P(DQ) = 1 queen x 12C1 / 13C2 = 2/13

 

If partner has three diamonds

 

P(DQ) = 12C2/13C3 = 3/13

 

If partner has four diamonds

 

P(DQ) = 12C3/13C4 = 4/13

 

If partner has five diamonds

 

P(DQ) = 5/13

 

Summarizing:

 

With a doubleton heart partner is more likely to have the heart queen than the diamond queen if he has two or three diamonds

 

With a tripleton or longer heart partner is more likely to have the heart queen than the diamond queen if he has five or fewer diamonds

 

These probabilities did not take into account that partner is 20-22 hcp. The calculations are more complex if you take that into account but the probabilities nevertheless favour partner having fitting honours.

[benlessard]

Youre a not using the right approach to calculate.

 

You cannot visualize a distribution and put HCP in it. The distribution is a restriction for the the hcp and the hcp is a restriction for the distribution you have to sims them together not 1 after the other.

 

Another way to see it...

 

Partner has 2H. Only time hes got 3 hearts is if slow values in the minors.

 

If hes has 2D. It means 4-5 in the blacks

Holding AJ of clubs make it higly unlikely that OP has 5 clubs because the missing HCP is a restriction on his distribution. So therfore the % of having short D drops proportionally to the hcp restriction.

 

Another example

 

Q

xxxx

xxxx

AKQJ

 

 

You know that partner got a strong NT. Because hes got 0 HCP in clubs hes more likely to be long in D/H than in clubs.

 

So when holding

 

J

Axxx

xxxx

AKxx

 

The odds of having the Q of clubs isnt really higher than having the Q of D.

 

 

Its not that easy to understand or to explain but i can assure you that im 100% sure that your numbers are wrong.

[jdonn]

Wayne, I know you admitted you weren't taking into account that partner has already denied heart support, but the problem is you also aren't taking into account our hand to determine the length partner tends to have in each suit. Your conclusion is essentially saying "he is moremuch likely to have the heart queen in any given-length heart holding than the diamond queen in the same length diamond holding because the queen is 1/7 of the missing hearts and 1/13 of the missing diamonds." But that completely ignores that partner's diamonds are going to be on average (much?) longer than his hearts since we are 6-0 in those suits.

[hotShot]

I hope that it is save to assume that partner did not open 2NT with a single or void in ♥.

[Cascade]

Wayne, I know you admitted you weren't taking into account that partner has already denied heart support, but the problem is you also aren't taking into account our hand to determine the length partner tends to have in each suit. Your conclusion is essentially saying "he is moremuch likely to have the heart queen in any given-length heart holding than the diamond queen in the same length diamond holding because the queen is 1/7 of the missing hearts and 1/13 of the missing diamonds." But that completely ignores that partner's diamonds are going to be on average (much?) longer than his hearts since we are 6-0 in those suits.

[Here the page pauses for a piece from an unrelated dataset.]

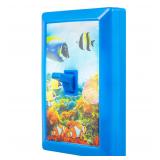 $10 Lights by Night Wall Switch Tropical Fish LED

The initial simulation did exactly what you are saying.

 

I forced north to have the actual hand and then constrained south to have any 20-22 balanced and only then counted up how many times south had the various missing honour cards.

 

It is a little known principle - I have never seen it discussed :

 

If you know that partner has a "balanced" hand then partner is more likely to have fitting honours than misfitting honours - well a particular fitting honour than a particular non-fitting honour.

 

This can be shown when you do not assume anything about partner's strength.

 

When you add in that partner has some known (usually strong) hand then the affect is even greater.

[Cascade]

Youre a not using the right approach to calculate.

 

You cannot visualize a distribution and put HCP in it. The distribution is a restriction for the the hcp and the hcp is a restriction for the distribution you have to sims them together not 1 after the other.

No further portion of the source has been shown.